A pity party that everyone wants to crash? That's exactly what Of Montreal's Kevin Barnes threw when his band released Hissing Fauna, Are You the Destroyer? earlier this year. Tackling everything from chemical dependence to a (since reconciled) split with his wife, Barnes's lyrics painted an appropriately complex emotional profile, veering from arrogantly despondent to battered and guilt-wracked. But like the work of some indie-rock showman, the album's relentlessly upbeat mix of funk and unadulterated pop never let the cracks show.[more:]
Although originally planned as a double album, Hissing Fauna was whittled down to its present form, and the newly released Icons, Abstract Thee EP presents five castoffs from the sessions. Not only is it full of the same pairings of visionary pop and theatrical self-loathing, it's also impossible to conceive of it as unattached to the LP, even if there are some points of departure, musically. "Du Og Meg" and "Voltaic Crusher/Undrum to Muted Da" are both more straightforward and unabashedly poppier than anything on Hissing Fauna, and "Derailments in a Place of Our Own" and "Miss Blonde Your Papa Is Failing" actually match Barnes's dour musings with fittingly down-tempo music.
In spite of these differences, though, Barnes's lyrical preoccupations are so consistent that Hissing Fauna echoes throughout these songs -- to the point that mirror-image lines crop up. For example, the sense of internal conflict in the line "Leave me/ don't leave me alone" from "Derailments" conjures the same anguished indecision of the LP's "The Past Is a Grotesque Animal," in which Barnes sings "I need you here/ and not here, too." "Voltaic Crusher" plays like an abstract, condensing all of the LP's suicidal hysteria into a concise two minutes, typified by lines like "I am a flaw, I'm a mistake/ I am faulty, I always break." Such lyrics would be insufferably cloying in the hands of most artists, but when Barnes imbeds them in saccharine pop, they become unnerving in their unblinking candor.
The EP's mission statement, though, is the nearly ten-minute-long "No Conclusion." Where Hissing Fauna's centerpiece, the even longer "The Past Is a Grotesque Animal," used its unswerving sprawl to gather intensity like some uninterrupted descent, "No Conclusion" cycles through a medley of repeated sections. Instead of metaphorizing a doomed relationship as a headlong sprint toward destruction, "No Conclusion" rewrites is as a series of inevitable collapses: "Although we try to break the loop/ It's always stuck repeating." Like the relationship Barnes describes, the song itself continually caves in, begins anew and buckles again.
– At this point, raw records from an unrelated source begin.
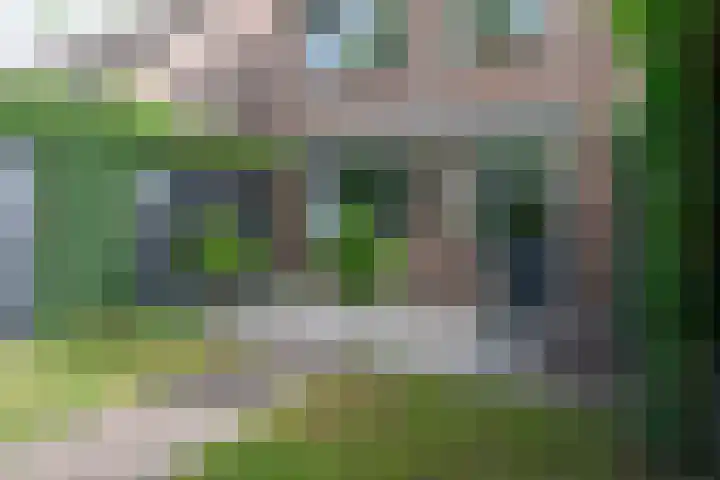 Wildforster 84 Barneveld thumbnail 36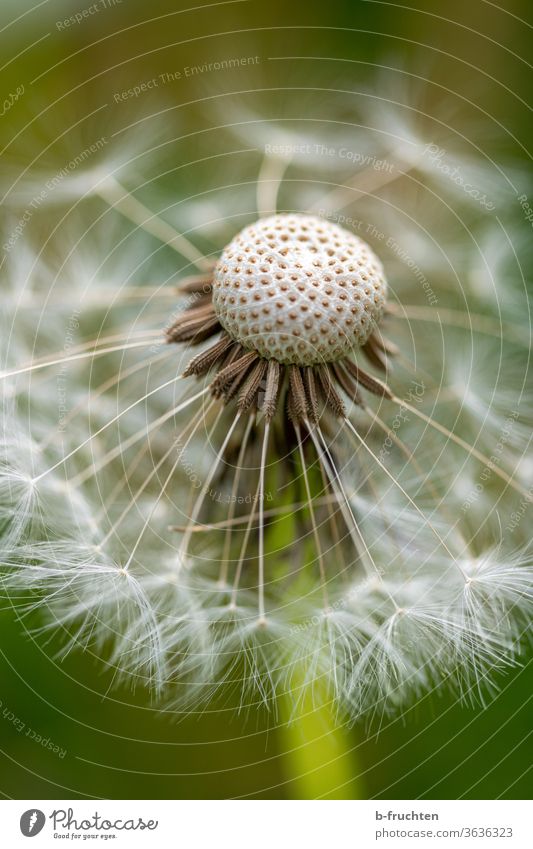 Dandelion close up dandelion lowen tooth flowers Plant Nature spring Close-up Sámen Macro (Extreme close-up) Detail Exterior shot Summer bleed natural Faded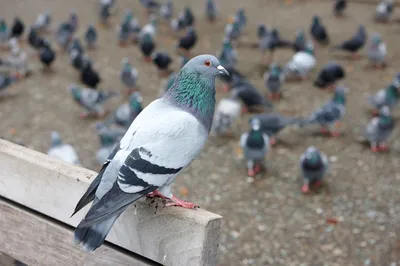 Интересные факты о голубях: особенности о которых вы могли не знать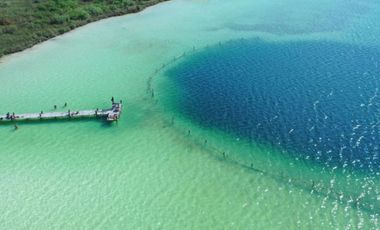 TERRENOS EN VENTA EN TULUM SOBRE CARRETERA CANCÚN CHETUMAL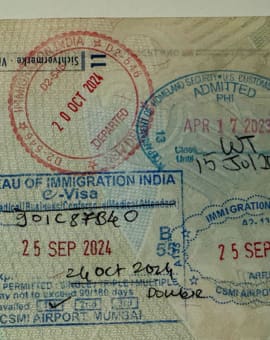 Stempel Indien Visum im Reisepass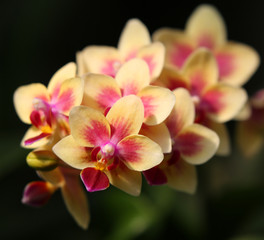 beautiful orchidea.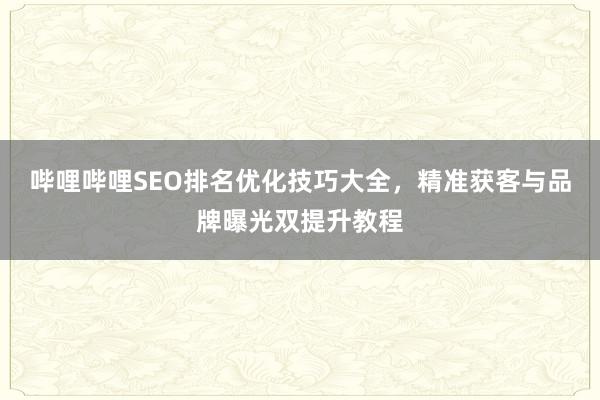 哔哩哔哩SEO排名优化技巧大全，精准获客与品牌曝光双提升教程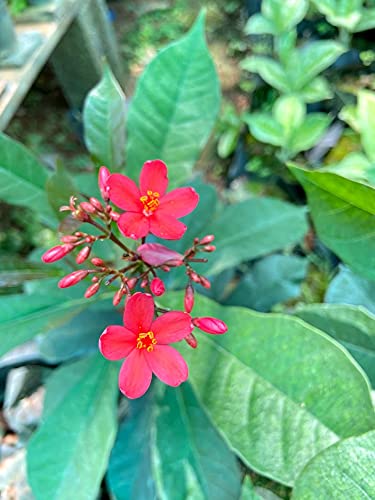 Jatropha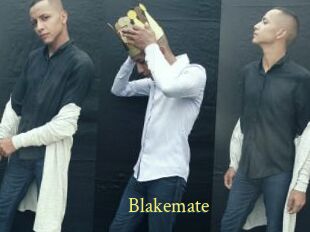 Blakemate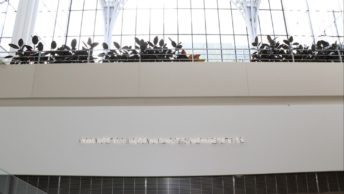 What Flexible Curriculum Means at Booth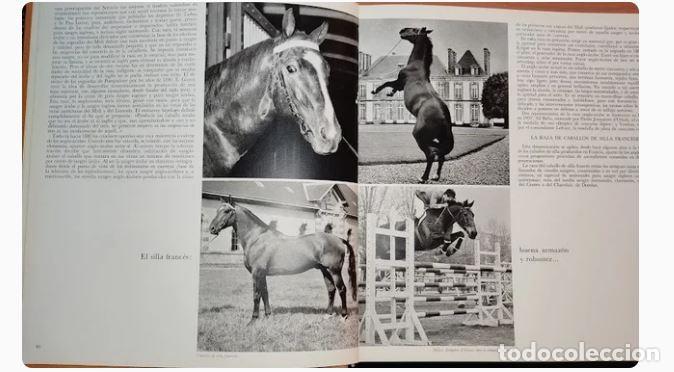 Libros de segunda mano: ALEGRIAS DEL CABALLO-Comandante Benoitst-Gironi&egrave;re - Foto 4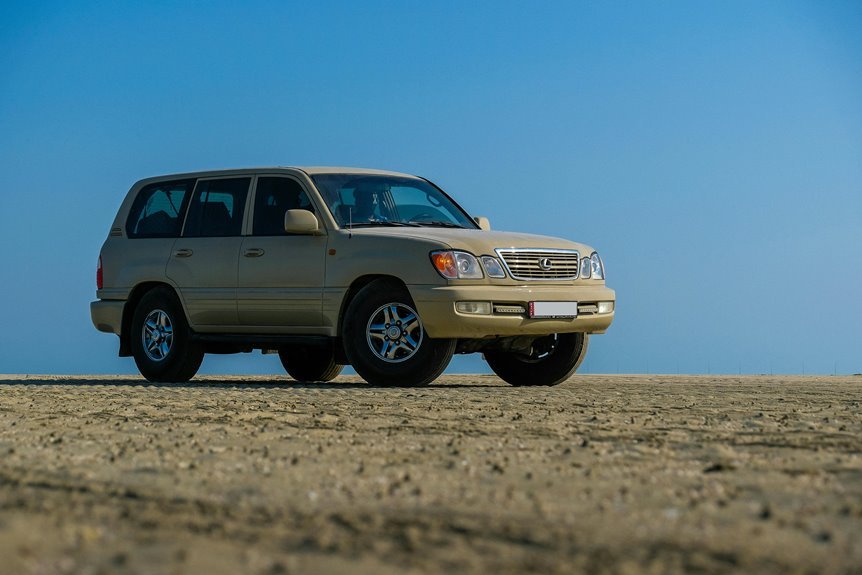 stable online model 617525770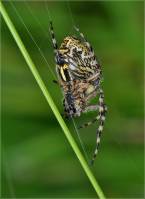 Aculepeira ceropegia - Акулепейра, паук дубовый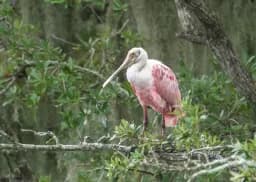 Spoonbill on a Limb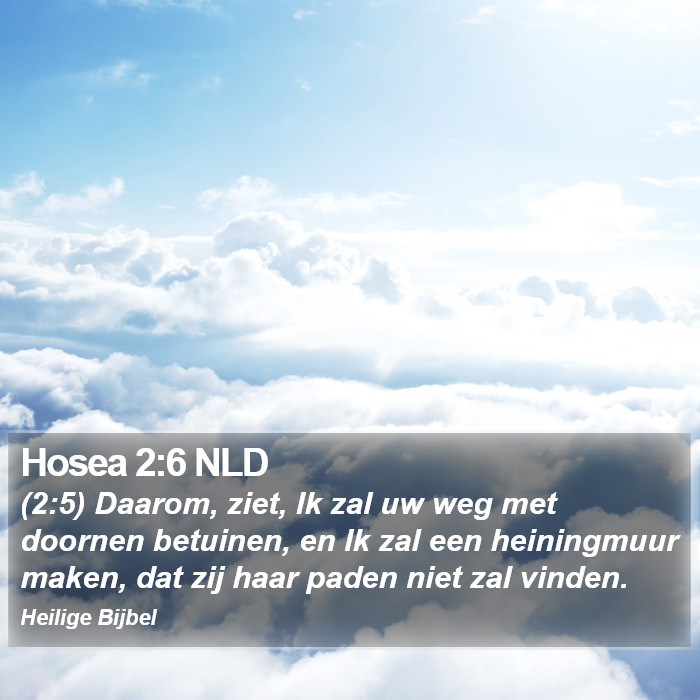 Hosea 2:6 NLD Bible Study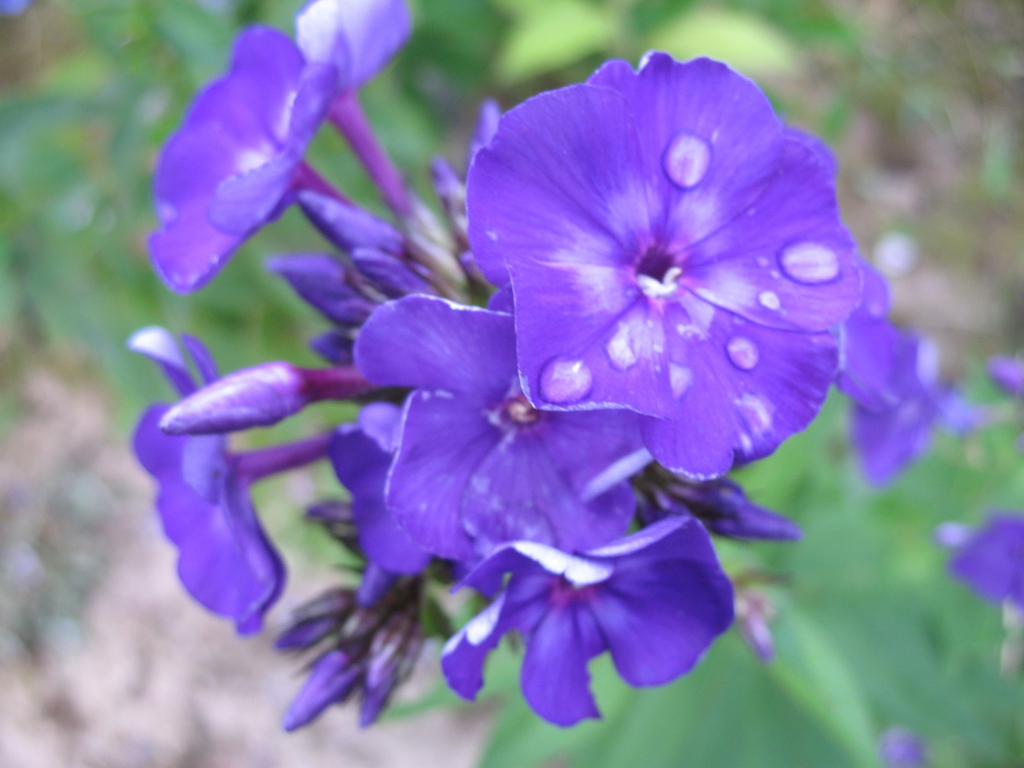 Цветы флокс на поляне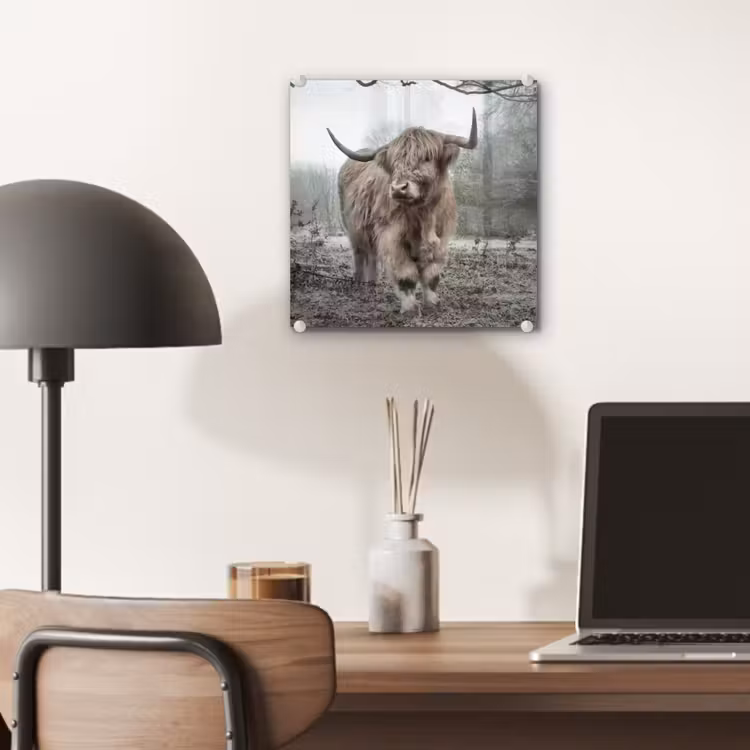 Schotse Hooglander - Bos - Mist - Koe - Dieren - Natuur plexiglas 5mm klein -sfeer6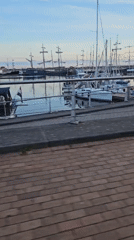 Evening stroll around Lelystad's marina and waterfront paths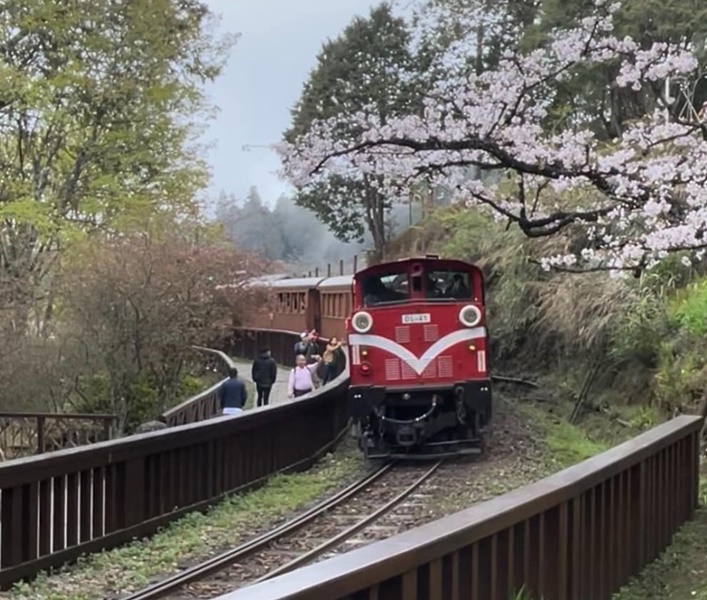 阿里山賞櫻旅遊包車-第二張張順傑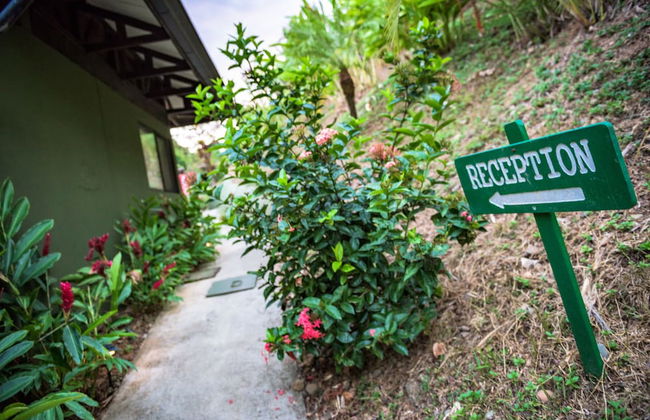 Tiki Villas Rainforest Lodge & Spa - Foto 69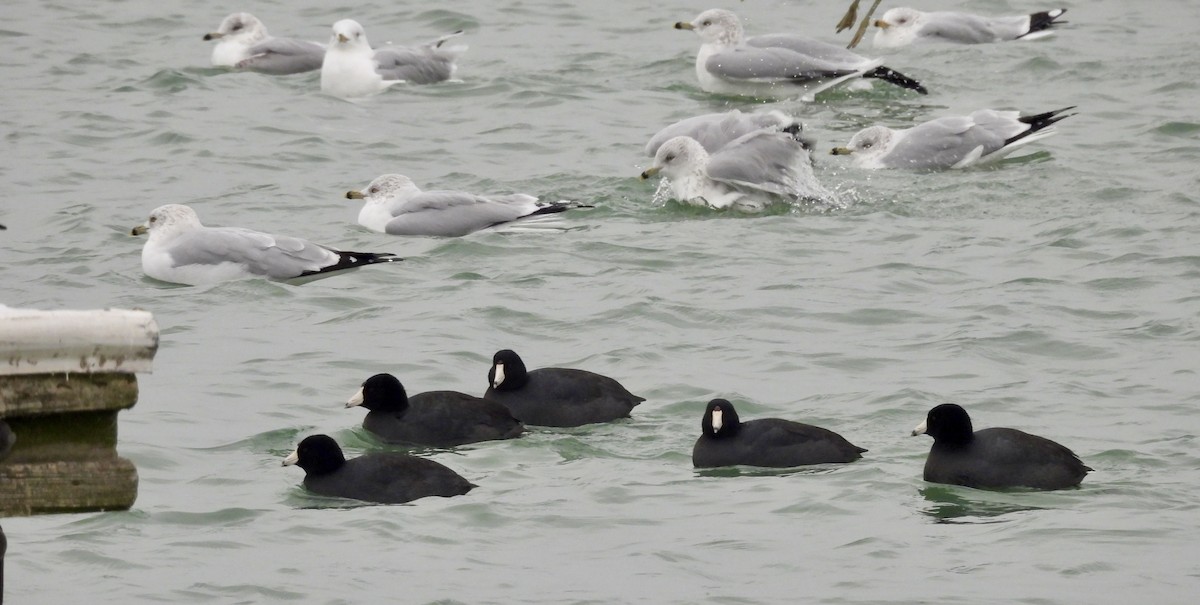 lyska americká (s červeným čelním štítkem) - ML646472603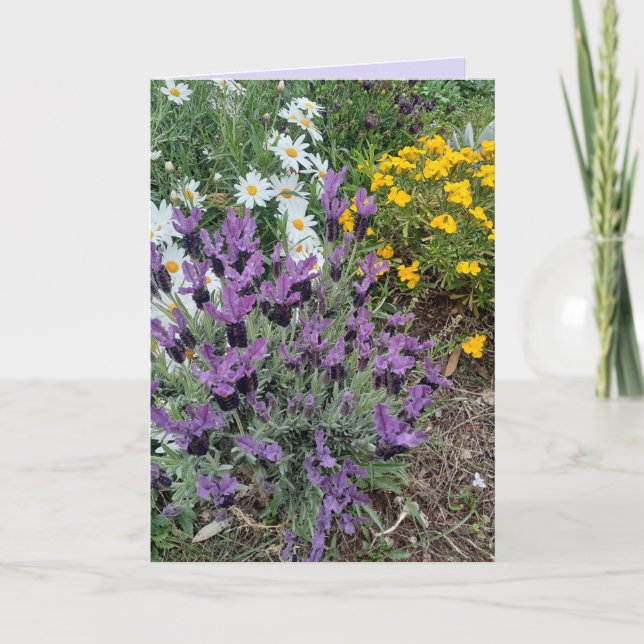 Lila Lavender & Daisy Blume Blumengrüße Karte (Vorderseite)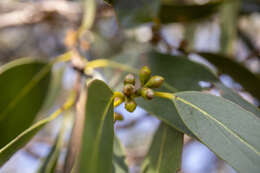 Image of Eucalyptus subcrenulata Maiden & Blakely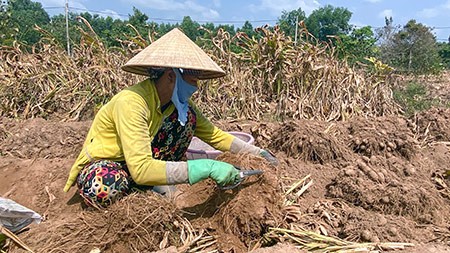 Theo kinh nghiệm trồng khoai lùn (củ lùn) của nông dân huyện Phụng Hiệp, tỉnh Hậu Giang thì cây khoai lùn được trồng trên đất cát pha sẽ cho năng suất cao hơn trên đất thịt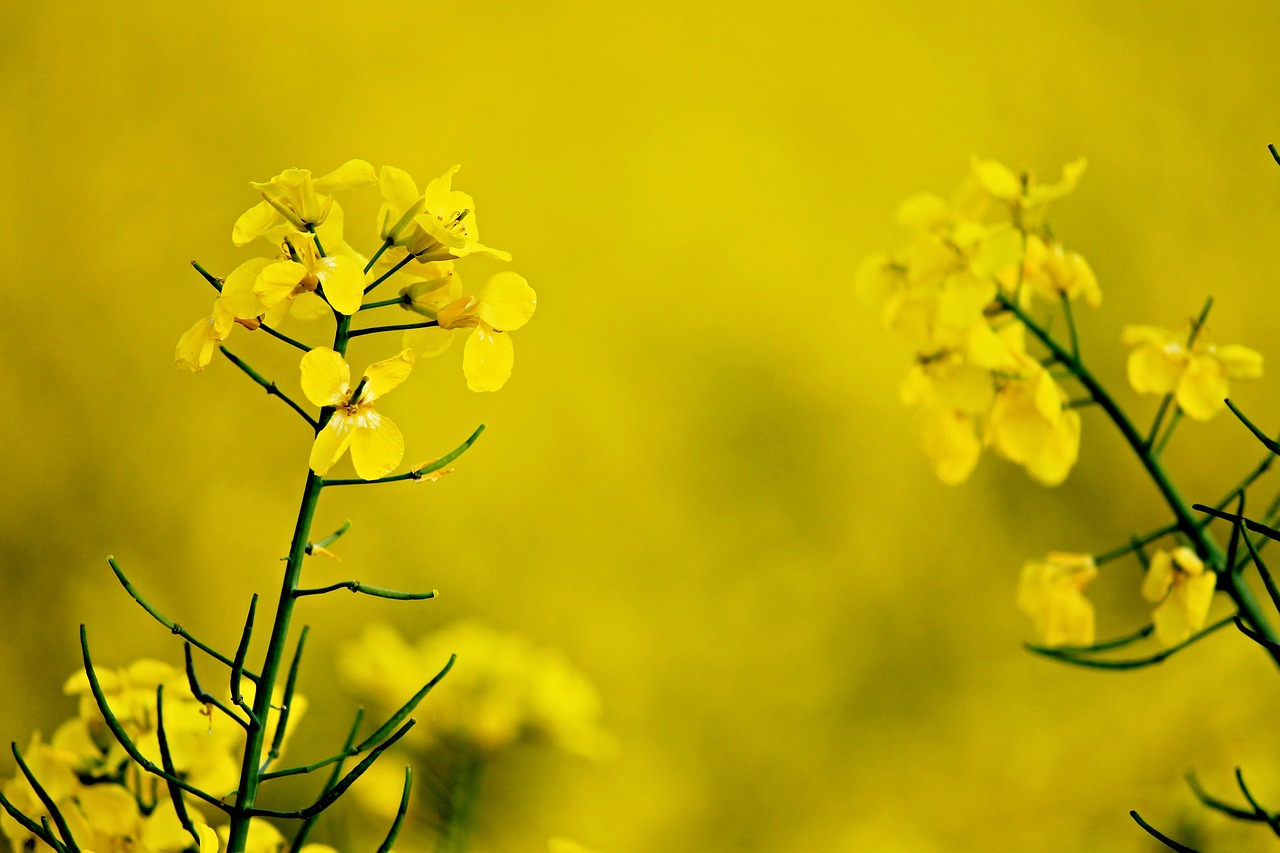 Image - rape blossom yellow oilseed rape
"No Conclusion" is indicative of how Icons, Abstract Thee plays: It's great on its own, but it works all the better as a foil for its counterpart. That's not to say that Barnes should have pursued his original blueprint for Hissing Fauna. After all, the idea of him using the double-album format -- rock's worst offender for excess and self-indulgence -- to meditate on the consequences of excess and self-indulgence just might have been too much of a good thing.